"She's a girl who knows how to make herself liked. And you have to hate someone to kill them."
Teenager Nancy Thompson (Jenny Tamburi) returns home from boarding school after her mother, Dorothy (Zora Gheorgieva) dies of an apparent suicide. She moves into the family's cottage with her mother's best friend, photographer Gianna (Rosalba Neri) and her stepfather, Marco (Silvano Tranquilli), who are having a not-so-secret affair. But when Nancy's relationship with Marco becomes closer, she starts to wonder if her mother's death was really an accident. Could Marco or Gianna have killed Dorothy? Or perhaps it was the housekeeper, Magda (Dana Ghia). In her search for answers, Nancy finds herself walking a dangerous tightrope – but is she really the innocent girl she appears to be?

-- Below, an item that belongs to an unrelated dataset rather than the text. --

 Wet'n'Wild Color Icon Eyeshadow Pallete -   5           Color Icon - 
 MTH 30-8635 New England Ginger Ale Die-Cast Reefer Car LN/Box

Smile Before Death (not to be confused with Death Smiles on a Murderer) is basically a clumsy re-tread of Sergio Martino's Your Vice is a Locked Room and Only I Have the Key, wherein an innocent-looking young girl inserts herself between a couple that shares a murderous secret, playing both sides to her own advantage. It's still entertaining, though, full of twists and double crosses and a clever and surprising resolution. But the storytelling relies too much on flashbacks and most of the movie is a long, bloodless stretch between the opening death scene and the three kills at the very end with characters plotting against each other.
- Hiram Keller appears in the small role of Paolo the gigolo. You may remember as Lord James MacGreiff in Seven Deaths in the Cat's Eye. He has an exotic, European look about him so you may be surprised to learn that he was, in fact, an American from Georgia.
- Roberto Predagio's theme song is a peppy, giggly little tune featuring scat singing by Edda Dell'Orso that will stay with you when the movie is done. It recurs throughout the film, even when the tone calls for something non-peppy and non-giggly.
- The original Italian title is Il Soriso Della Iena, which translates as The Smile of the Hyena. None of the titles make any sense.
- The cottage where most of the movie takes place is swanky and ultra-modern and features some of the most awful abstract art you've ever seen.
- The resolution to the mystery is great, but then there's a disappointing, tacked-on ending. It's meant to be an ironic twist but just comes across as clumsy and anticlimactic.
Shortly after she arrives, Nancy eagerly models for Gianna's photos, trying on different looks and acting out different personalities. Later, while reviewing the pictures, Nancy declares that none of them capture the "real her." She asks Gianna for an impromptu photo session and... well, apparently the "real" Nancy is naked all the time.
In fact, Nancy starts off shy and demure but after only a few days (and a brief montage to show her personal growth) she has no problem stripping in front of people, even at the most inappropriate times.
Fashion Moment
Smile Before Death lets you know right off the bat that it's a giallo, by showing a wounded, bloody Dorothy writhing on the floor in this frilly yellow ("giallo") housecoat. Or maybe it's an evening gown. It's hard to tell.
Later, during the aforementioned fashion shoot montage, Nancy acts out different roles including a Hollywood vixen, a sex kitten, a high-society fashionista and... a squirrel?